A month after the 9/11 attacks, Naseef’s Rabitah Trust was formally designated as a foreign terrorist organization by the United States government. Ultimately, branches of the al-Haramain Islamic Foundation and the International Islamic Relief Organization — other “charities” with roots in the MWL — were also designated as foreign terrorist organizations under federal law. This, too, should have not been a surprise. In 2003, in connection with a terrorism prosecution in Chicago, the Justice Department proffered that Osama bin Laden had told his aide Jamal al-Fadl that the Muslim World League was one of al-Qaeda’s three top funding sources. (Fadl later renounced al-Qaeda and cooperated with federal prosecutors.)

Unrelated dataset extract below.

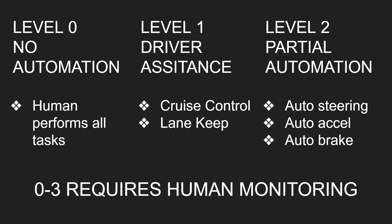So all of these levels, zero to three, require human monitoring. So there's no point. We can't do anything like sleeping or eating our food because we're expected to be monitoring the whole time.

Throughout the time that he ran the MWL and the Rabita Trust, Naseef kept his hand in at the IMMA. In fact, he continued to be listed on the masthead as a member of the “advisory editorial board” at the IMMA’s journal until 2003. We might hazard a guess why his name disappeared after that: in 2004, he was named as a defendant in the civil case brought by victims of the 9/11 atrocities. (In 2010, a federal court dropped him from the suit — not because he was found uninvolved, but because a judge reasoned the American court lacked personal jurisdiction over him.)
Huma Abedin was affiliated with the IMMA’s journal for a dozen years, from 1996 through 2008. She overlapped with its founder, Naseef, for at least seven years — it could be more, but I am assuming for argument’s sake that Naseef had no further involvement in his institute once his name was removed from the masthead.

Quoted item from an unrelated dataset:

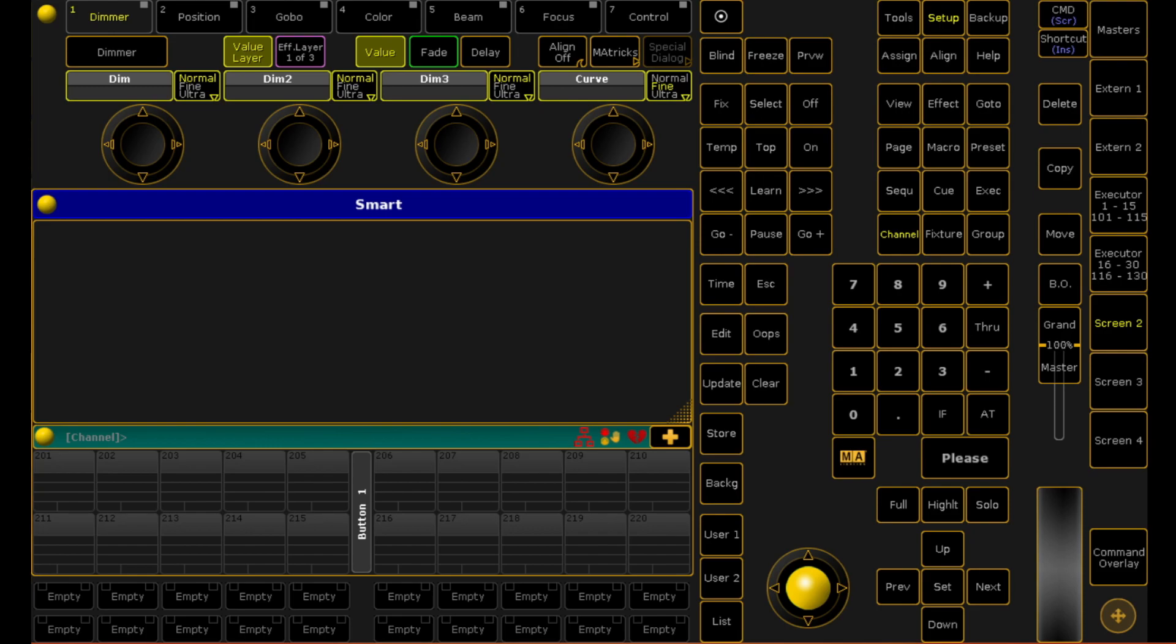So today we're going to be figuring out exactly how to patch fixtures and how it's laid out in Grand MA2.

The case against Ms. Abedin’s suitability for a high-level position with access to the nation’s secrets gets much worse if you add in her family ties.
To summarize what I’ve already outlined here at Ordered Liberty: her parents were recruited by Naseef to head up the IMMA; her mother is an active member of Muslim Brotherhood organizations — including the Muslim Sisterhood and two entities that are part of Sheikh Qaradawi’s Union of Good, another designated terrorist organization; there is persuasive evidence that her father was a member of the Brotherhood — e.g., the intimate tie to Naseef and his widow’s membership in the Muslim Sisterhood (which is substantially comprised of wives and female relatives of prominent Muslim Brothers); her mother is a tireless advocate of sharia law as preached by Qaradawi and the Brotherhood; and her brother, who is also affiliated with the IMMA’s journal, was a fellow at an Islamist institute (the Oxford Center for Islamic Studies) on whose board sat both Naseef and Qaradawi.
Nevertheless, the family ties to the Brotherhood only further elucidate what is already patent: Huma Abedin’s connection to Abdullah Omar Naseef, by itself, would have been more than enough justification to deny her a security clearance. That would have made it inconceivable that she could serve as deputy chief of staff to the secretary of state.
Ms. Abedin has very disturbing connections to the Muslim Brotherhood. Though she is not a policymaker, she is an important adviser, and during her three-year tenure, federal government policy has radically shifted in the Brotherhood’s favor, to the point that the Obama administration is not only embracing the previously shunned Brotherhood but issuing visas to members of formally designated terrorist organizations.
The question is not whether the five House conservatives were off-base in asking for an investigation into ties between administration officials and Islamist organizations. The question is why the other 430 members of the House haven’t joined them — and why John McCain, John Boehner, and other Republican establishment luminaries are championing the Muslim Brotherhood’s side of the dispute.